Segundo a doutoranda, o prejuízo financeiro não é verificado quando as pesquisadoras estão no Ensino Superior, porque há equidade no valor das bolsas: o obstáculo ocorre no momento de buscar vagas no mercado de trabalho.
— Você vai participar do processo seletivo com menos publicações, sem o estágio fora do país. São pontos que contam contra a pesquisadora.

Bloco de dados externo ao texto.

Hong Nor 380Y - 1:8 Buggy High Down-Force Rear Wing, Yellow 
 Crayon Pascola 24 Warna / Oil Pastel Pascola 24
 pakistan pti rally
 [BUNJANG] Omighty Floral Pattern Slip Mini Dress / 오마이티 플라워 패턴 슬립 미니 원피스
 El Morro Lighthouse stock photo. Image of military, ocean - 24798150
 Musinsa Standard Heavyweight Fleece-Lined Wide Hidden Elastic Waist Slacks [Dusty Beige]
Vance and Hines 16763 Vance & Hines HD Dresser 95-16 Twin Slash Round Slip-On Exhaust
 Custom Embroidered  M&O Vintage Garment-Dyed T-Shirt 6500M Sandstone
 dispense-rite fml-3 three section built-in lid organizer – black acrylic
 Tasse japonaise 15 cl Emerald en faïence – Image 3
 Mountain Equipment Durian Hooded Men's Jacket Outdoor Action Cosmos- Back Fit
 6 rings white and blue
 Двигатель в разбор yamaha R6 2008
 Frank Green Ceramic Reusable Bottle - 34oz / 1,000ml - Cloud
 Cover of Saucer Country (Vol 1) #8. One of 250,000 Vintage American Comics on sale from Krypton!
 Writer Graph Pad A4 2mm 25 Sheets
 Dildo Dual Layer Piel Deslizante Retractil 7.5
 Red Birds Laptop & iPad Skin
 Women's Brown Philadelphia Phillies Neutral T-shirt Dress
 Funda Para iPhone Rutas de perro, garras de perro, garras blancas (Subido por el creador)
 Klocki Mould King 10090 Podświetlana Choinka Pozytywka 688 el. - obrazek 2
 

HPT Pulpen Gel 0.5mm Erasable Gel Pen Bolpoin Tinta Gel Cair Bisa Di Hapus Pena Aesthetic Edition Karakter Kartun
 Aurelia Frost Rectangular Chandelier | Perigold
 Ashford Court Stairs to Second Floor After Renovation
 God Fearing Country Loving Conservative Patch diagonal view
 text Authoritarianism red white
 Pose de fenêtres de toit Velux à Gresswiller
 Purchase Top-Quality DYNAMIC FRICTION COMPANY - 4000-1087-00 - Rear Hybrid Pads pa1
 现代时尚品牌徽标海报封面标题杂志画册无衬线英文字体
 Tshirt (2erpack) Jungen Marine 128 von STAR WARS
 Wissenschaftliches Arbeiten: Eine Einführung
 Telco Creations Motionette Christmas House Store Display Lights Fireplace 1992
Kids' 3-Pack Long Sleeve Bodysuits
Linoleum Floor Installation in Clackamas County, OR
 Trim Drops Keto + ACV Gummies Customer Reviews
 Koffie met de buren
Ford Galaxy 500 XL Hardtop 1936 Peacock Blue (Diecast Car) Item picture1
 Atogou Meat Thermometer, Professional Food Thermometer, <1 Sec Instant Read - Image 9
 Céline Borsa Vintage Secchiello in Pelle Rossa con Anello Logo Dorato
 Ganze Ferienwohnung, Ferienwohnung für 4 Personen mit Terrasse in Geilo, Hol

A maternidade deve ser vista de outra forma, não pode nos penalizar — diz.
Conforme o Plano Nacional de Pós-Graduação, em 2022, a participação de mulheres no Pós-Doutorado apresentou maior percentual para seis das nove grandes áreas, com percentual abaixo de 50% apenas em ciências sociais aplicadas, exatas e da terra e engenharias – as duas últimas possuem diferença de ao menos 20 pontos percentuais dos pesquisadores do sexo masculino.
Ciências da saúde continuou como a área com maior participação feminina (30% acima em relação aos pesquisadores do sexo masculino), seguida pela Linguística, Letras e Artes e Biológicas, ambas com 59%.
Maioria também no mercado
Segundo o CGEE, em 2021 as mulheres representavam 54% dos mestres empregados e 50,9% entre os doutores no mercado de trabalho, segundo o estudo. Ou seja: elas eram maioria entre os titulados na pós-graduação e também entre os empregados, mas ganhavam menos do que os homens.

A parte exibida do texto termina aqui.